-- Exercise --
Every single entry that follows is to be retyped exactly.

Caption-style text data
▬▬▬▬▬▬

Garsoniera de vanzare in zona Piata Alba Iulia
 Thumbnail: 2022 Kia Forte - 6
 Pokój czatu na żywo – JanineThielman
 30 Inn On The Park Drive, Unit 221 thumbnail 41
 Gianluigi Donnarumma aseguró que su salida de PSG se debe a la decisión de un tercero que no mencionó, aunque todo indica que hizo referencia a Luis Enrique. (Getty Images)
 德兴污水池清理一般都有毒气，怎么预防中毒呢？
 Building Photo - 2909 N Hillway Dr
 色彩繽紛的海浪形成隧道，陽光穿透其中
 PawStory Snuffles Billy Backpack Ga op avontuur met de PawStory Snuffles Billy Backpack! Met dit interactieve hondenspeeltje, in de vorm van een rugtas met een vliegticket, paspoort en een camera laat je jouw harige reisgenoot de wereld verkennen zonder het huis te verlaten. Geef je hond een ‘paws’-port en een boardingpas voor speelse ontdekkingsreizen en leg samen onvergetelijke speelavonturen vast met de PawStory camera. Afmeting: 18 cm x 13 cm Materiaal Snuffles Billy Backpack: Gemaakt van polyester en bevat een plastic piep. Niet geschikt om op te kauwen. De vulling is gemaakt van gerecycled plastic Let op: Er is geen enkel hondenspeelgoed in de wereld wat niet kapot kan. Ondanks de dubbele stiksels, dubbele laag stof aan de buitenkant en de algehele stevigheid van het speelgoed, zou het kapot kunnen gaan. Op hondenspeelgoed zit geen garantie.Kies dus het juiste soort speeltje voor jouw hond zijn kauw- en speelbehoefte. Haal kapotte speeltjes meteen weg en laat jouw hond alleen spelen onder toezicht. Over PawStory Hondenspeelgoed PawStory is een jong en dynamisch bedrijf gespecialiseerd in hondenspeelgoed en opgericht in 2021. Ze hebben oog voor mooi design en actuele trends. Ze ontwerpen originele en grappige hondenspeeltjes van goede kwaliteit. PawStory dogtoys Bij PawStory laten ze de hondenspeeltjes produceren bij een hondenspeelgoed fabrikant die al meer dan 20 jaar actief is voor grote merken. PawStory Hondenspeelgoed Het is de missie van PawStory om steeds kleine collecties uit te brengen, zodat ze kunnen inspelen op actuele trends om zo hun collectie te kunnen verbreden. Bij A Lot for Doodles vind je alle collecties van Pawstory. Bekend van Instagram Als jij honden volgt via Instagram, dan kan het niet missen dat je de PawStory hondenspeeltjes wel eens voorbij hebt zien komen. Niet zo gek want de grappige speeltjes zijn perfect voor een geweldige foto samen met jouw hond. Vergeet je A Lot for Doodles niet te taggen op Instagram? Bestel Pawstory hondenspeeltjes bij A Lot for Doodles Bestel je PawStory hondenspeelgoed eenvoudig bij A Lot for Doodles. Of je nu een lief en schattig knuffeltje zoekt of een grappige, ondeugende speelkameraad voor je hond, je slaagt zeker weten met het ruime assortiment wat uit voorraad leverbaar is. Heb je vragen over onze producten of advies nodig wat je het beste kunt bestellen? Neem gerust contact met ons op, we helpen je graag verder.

▬▬▬▬▬▬

-- Exercise solution --
Garsoniera de vanzare in zona Piata Alba Iulia
 Thumbnail: 2022 Kia Forte - 6
 Pokój czatu na żywo – JanineThielman
 30 Inn On The Park Drive, Unit 221 thumbnail 41
 Gianluigi Donnarumma aseguró que su salida de PSG se debe a la decisión de un tercero que no mencionó, aunque todo indica que hizo referencia a Luis Enrique. (Getty Images)
 德兴污水池清理一般都有毒气，怎么预防中毒呢？
 Building Photo - 2909 N Hillway Dr
 色彩繽紛的海浪形成隧道，陽光穿透其中
 PawStory Snuffles Billy Backpack Ga op avontuur met de PawStory Snuffles Billy Backpack! Met dit interactieve hondenspeeltje, in de vorm van een rugtas met een vliegticket, paspoort en een camera laat je jouw harige reisgenoot de wereld verkennen zonder het huis te verlaten. Geef je hond een ‘paws’-port en een boardingpas voor speelse ontdekkingsreizen en leg samen onvergetelijke speelavonturen vast met de PawStory camera. Afmeting: 18 cm x 13 cm Materiaal Snuffles Billy Backpack: Gemaakt van polyester en bevat een plastic piep. Niet geschikt om op te kauwen. De vulling is gemaakt van gerecycled plastic Let op: Er is geen enkel hondenspeelgoed in de wereld wat niet kapot kan. Ondanks de dubbele stiksels, dubbele laag stof aan de buitenkant en de algehele stevigheid van het speelgoed, zou het kapot kunnen gaan. Op hondenspeelgoed zit geen garantie.Kies dus het juiste soort speeltje voor jouw hond zijn kauw- en speelbehoefte. Haal kapotte speeltjes meteen weg en laat jouw hond alleen spelen onder toezicht. Over PawStory Hondenspeelgoed PawStory is een jong en dynamisch bedrijf gespecialiseerd in hondenspeelgoed en opgericht in 2021. Ze hebben oog voor mooi design en actuele trends. Ze ontwerpen originele en grappige hondenspeeltjes van goede kwaliteit. PawStory dogtoys Bij PawStory laten ze de hondenspeeltjes produceren bij een hondenspeelgoed fabrikant die al meer dan 20 jaar actief is voor grote merken. PawStory Hondenspeelgoed Het is de missie van PawStory om steeds kleine collecties uit te brengen, zodat ze kunnen inspelen op actuele trends om zo hun collectie te kunnen verbreden. Bij A Lot for Doodles vind je alle collecties van Pawstory. Bekend van Instagram Als jij honden volgt via Instagram, dan kan het niet missen dat je de PawStory hondenspeeltjes wel eens voorbij hebt zien komen. Niet zo gek want de grappige speeltjes zijn perfect voor een geweldige foto samen met jouw hond. Vergeet je A Lot for Doodles niet te taggen op Instagram? Bestel Pawstory hondenspeeltjes bij A Lot for Doodles Bestel je PawStory hondenspeelgoed eenvoudig bij A Lot for Doodles. Of je nu een lief en schattig knuffeltje zoekt of een grappige, ondeugende speelkameraad voor je hond, je slaagt zeker weten met het ruime assortiment wat uit voorraad leverbaar is. Heb je vragen over onze producten of advies nodig wat je het beste kunt bestellen? Neem gerust contact met ons op, we helpen je graag verder.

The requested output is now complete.